* [What the exercise asks]:
Starting at the line holding "2010 Ford Escape" and finishing at the line holding "NIKE wmns air max muse シルバー/ブラック", transcribe the material exactly, keeping both ends but no pictures.

* [Provided material]:
§

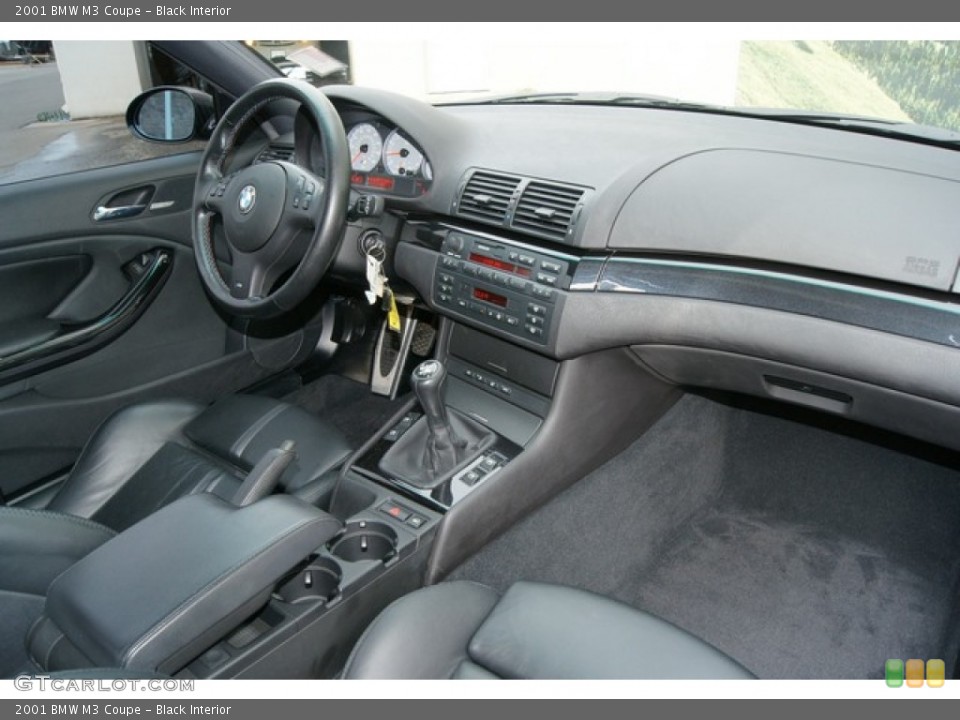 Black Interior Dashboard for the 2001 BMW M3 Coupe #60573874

§

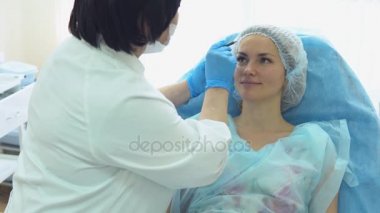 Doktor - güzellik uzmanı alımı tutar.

§

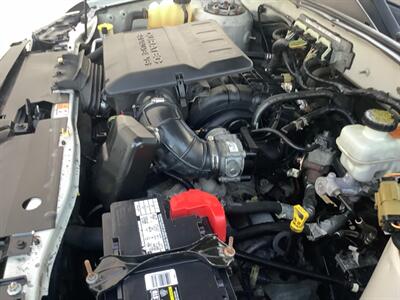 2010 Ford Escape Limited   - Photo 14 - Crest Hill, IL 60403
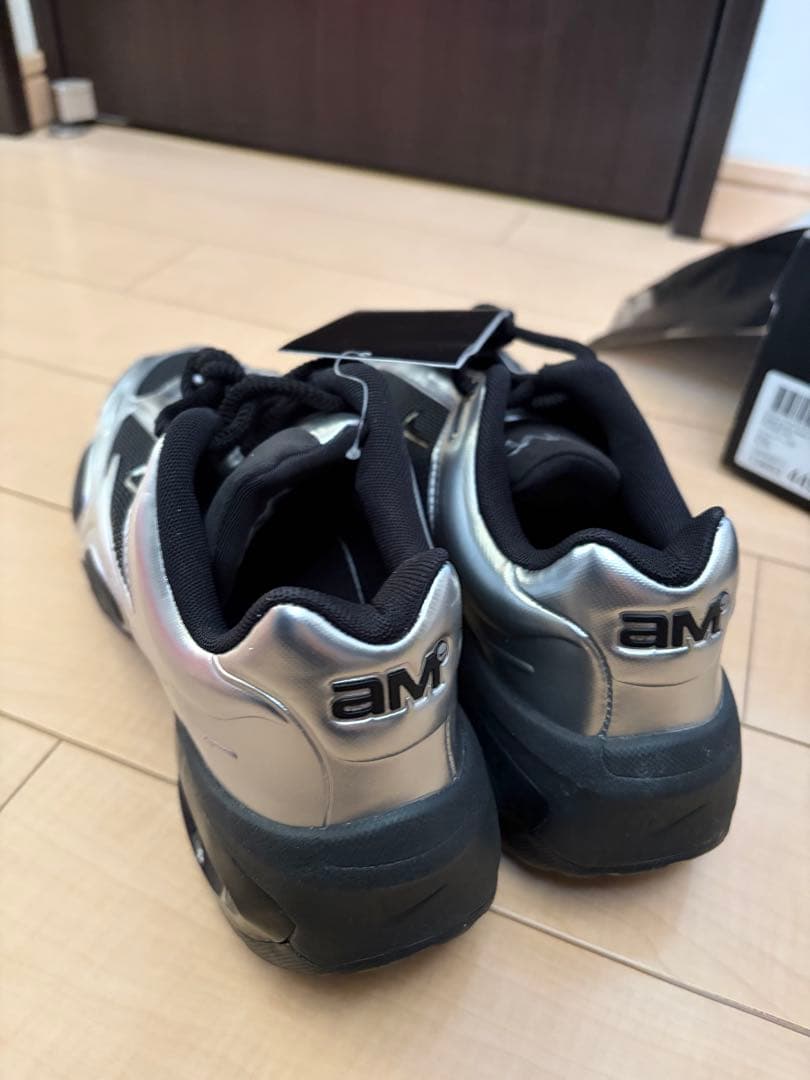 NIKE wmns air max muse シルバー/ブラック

§

* [Answer below]:
 2010 Ford Escape Limited   - Photo 14 - Crest Hill, IL 60403
 NIKE wmns air max muse シルバー/ブラック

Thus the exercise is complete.